Il instaure une procédure inspirée de la loi sur les jeux d'argent en ligne en confiant les clefs de la régulation de l’accès au porno au Conseil supérieur de l’audiovisuel. « Si cela marche pour les jeux en ligne, pourquoi pas pour les sites pornographiques ? », s’est ainsi interrogée faussement la sénatrice Marie Mercier (LR), à l'origine de l’amendement introduisant ce nouveau régime.
Lorsqu’il constatera qu’un site « permet à des mineurs d’avoir accès à un contenu pornographique en violation de l’article 227‑24 du Code pénal » (par exemple YouPorn.com), le président du CSA pourra donc lui adresser une mise en demeure.
Elle enjoindra au site « de prendre toute mesure de nature à empêcher l’accès des mineurs au contenu incriminé ». Toute mesure, sauf… l'insertion d'une déclaration d’âge sur sa page d'accueil puisque celle-ci est démagnétisée par la proposition de loi !

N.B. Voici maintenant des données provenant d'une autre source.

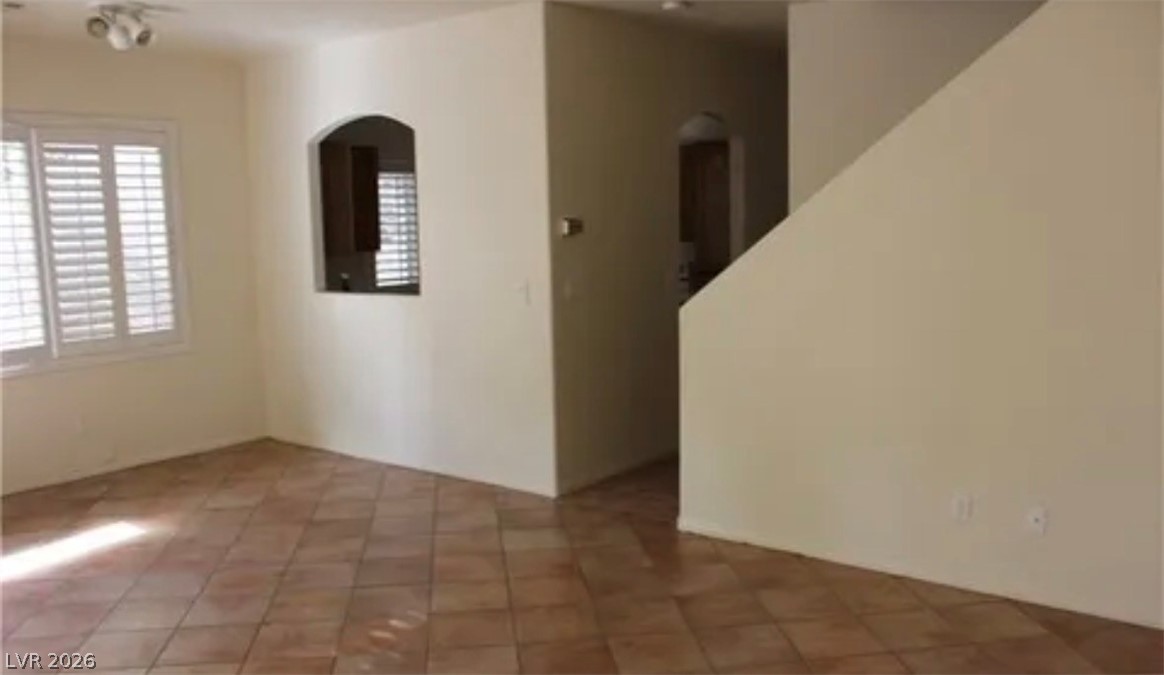 10021 Via Toro Avenue Property Photo 4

Concrètement, les sites devront donc installer des garde-fous suffisants, mais la loi ne les précise pas. Chaque site devra se débrouiller pour s'assurer que ce visiteur est bien majeur. Dit autrement, il leur reviendra d’imaginer la solution qui satisfera le CSA pour contrôler l’âge d’un internaute situé à des centaines ou des milliers de kilomètres de là.

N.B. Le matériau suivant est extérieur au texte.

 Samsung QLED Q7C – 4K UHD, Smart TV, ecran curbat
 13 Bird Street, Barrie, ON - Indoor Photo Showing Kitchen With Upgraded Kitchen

C'est là que la réforme ouvre une brèche. Par exemple, exiger copie de la carte d’identité – à supposer qu’elle ne soit pas maquillée – offrira à l'éditeur une connaissance détaillée sur les orientations sexuelles d’un majeur désigné. En sollicitant cette fois copie d’une carte bancaire, l’ensemble des sites pornos accessibles dans le monde devront accepter de se mettre à jour pour se conformer à la législation française, sachant néanmoins que ces moyens de paiement sont également à disposition des mineurs… Et que l'obligation va devenir un véritable appeau pour les arnaques en ligne.
Le site aura en tout cas 15 jours pour adresser ses observations. À l’expiration de ce délai, si le contenu porno reste accessible aux mineurs, alors le président du CSA pourra saisir celui du tribunal judiciaire de Paris. Cette procédure aura pour finalité le blocage du site entre les mains des fournisseurs d’accès et/ou le déréférencement par les moteurs.
Notons que n’importe quelle personne, même morale, pourra saisir le président du CSA et espérer que soit initiée une telle procédure. Une jolie opportunité pour les éditeurs payants installés en France, qui pourront faire disparaitre leurs concurrents trop accessibles sur l’autel de la protection des mineurs.